GIVEN DATA:
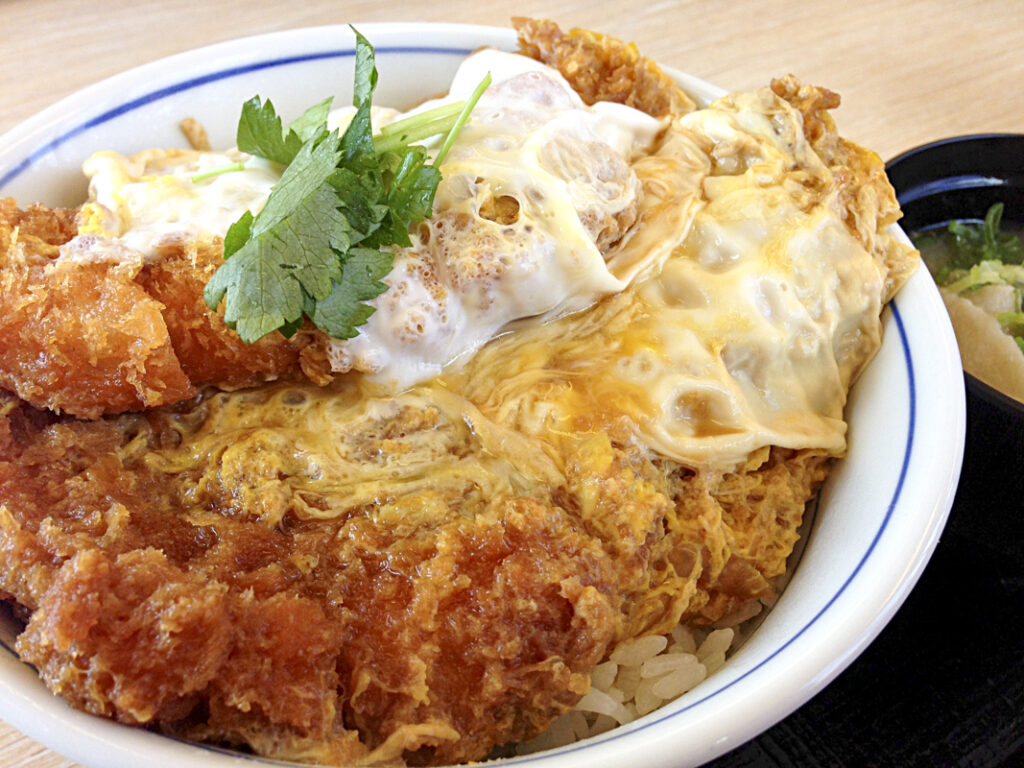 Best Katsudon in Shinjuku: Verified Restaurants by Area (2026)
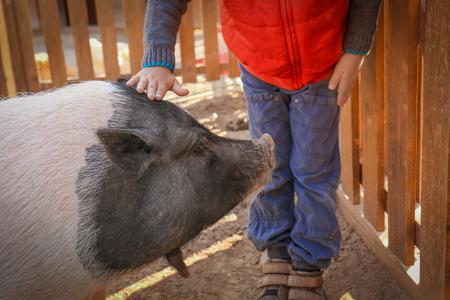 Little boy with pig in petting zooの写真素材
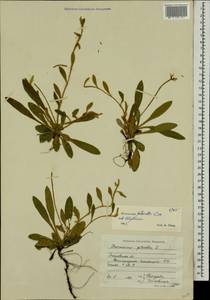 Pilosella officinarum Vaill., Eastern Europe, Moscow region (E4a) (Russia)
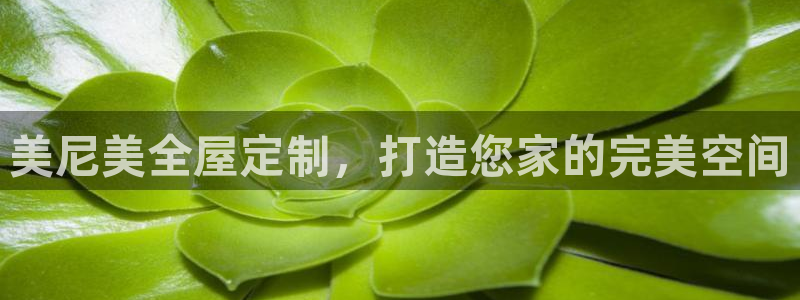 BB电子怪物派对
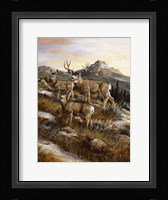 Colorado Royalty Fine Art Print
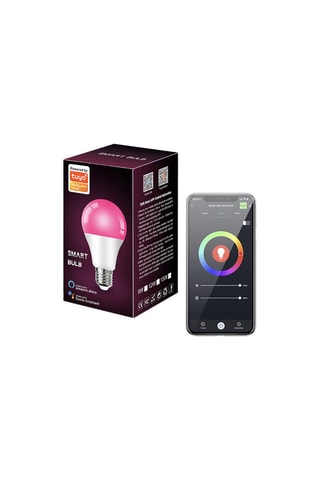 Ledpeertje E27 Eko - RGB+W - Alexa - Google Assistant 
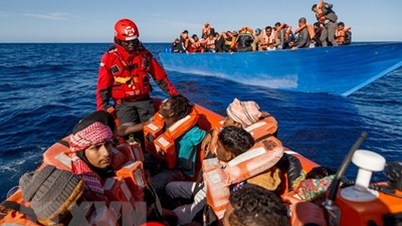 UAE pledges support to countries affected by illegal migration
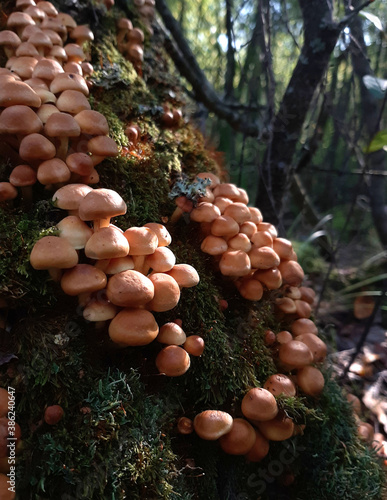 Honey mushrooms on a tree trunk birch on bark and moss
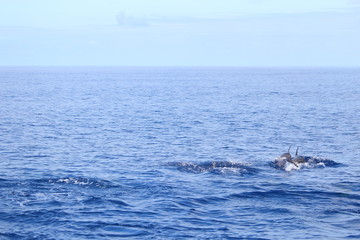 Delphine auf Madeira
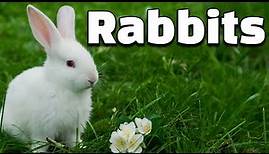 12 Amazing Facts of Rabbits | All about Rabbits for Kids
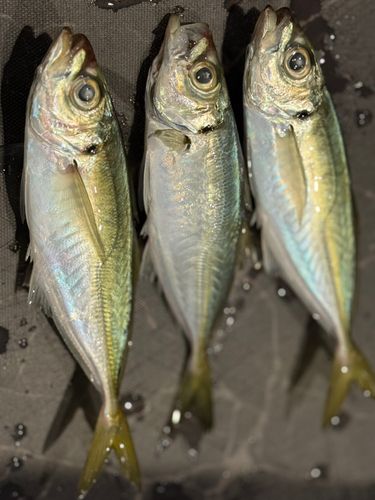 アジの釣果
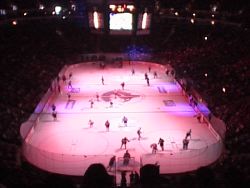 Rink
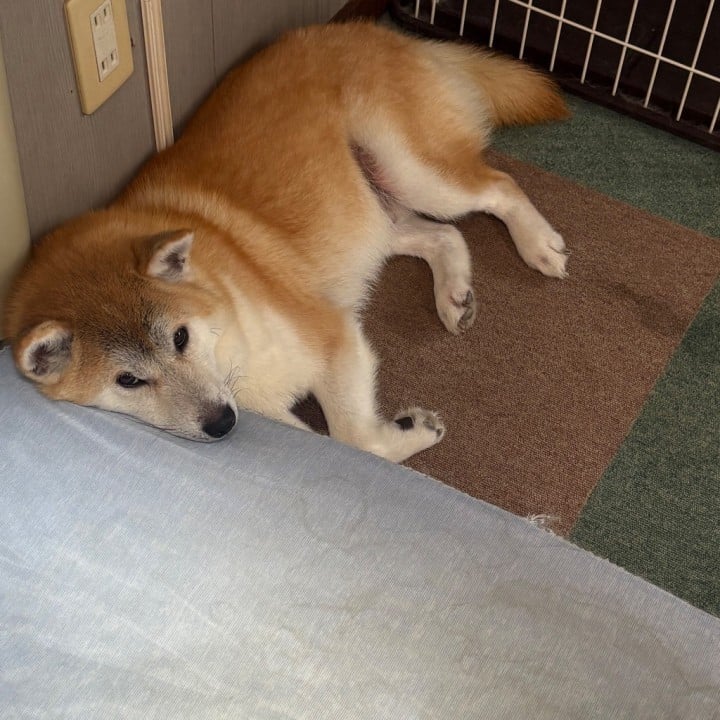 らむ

WHAT IS EXPECTED: Could you retype every record above exactly, leaving the pictures out?

WRITTEN RESPONSE:
 Best Katsudon in Shinjuku: Verified Restaurants by Area (2026)
 Little boy with pig in petting zooの写真素材
 Pilosella officinarum Vaill., Eastern Europe, Moscow region (E4a) (Russia)
 BB电子怪物派对
 Colorado Royalty Fine Art Print
 Ledpeertje E27 Eko - RGB+W - Alexa - Google Assistant 
 UAE pledges support to countries affected by illegal migration
 Honey mushrooms on a tree trunk birch on bark and moss
 Delphine auf Madeira
 12 Amazing Facts of Rabbits | All about Rabbits for Kids
 アジの釣果
 Rink
 らむ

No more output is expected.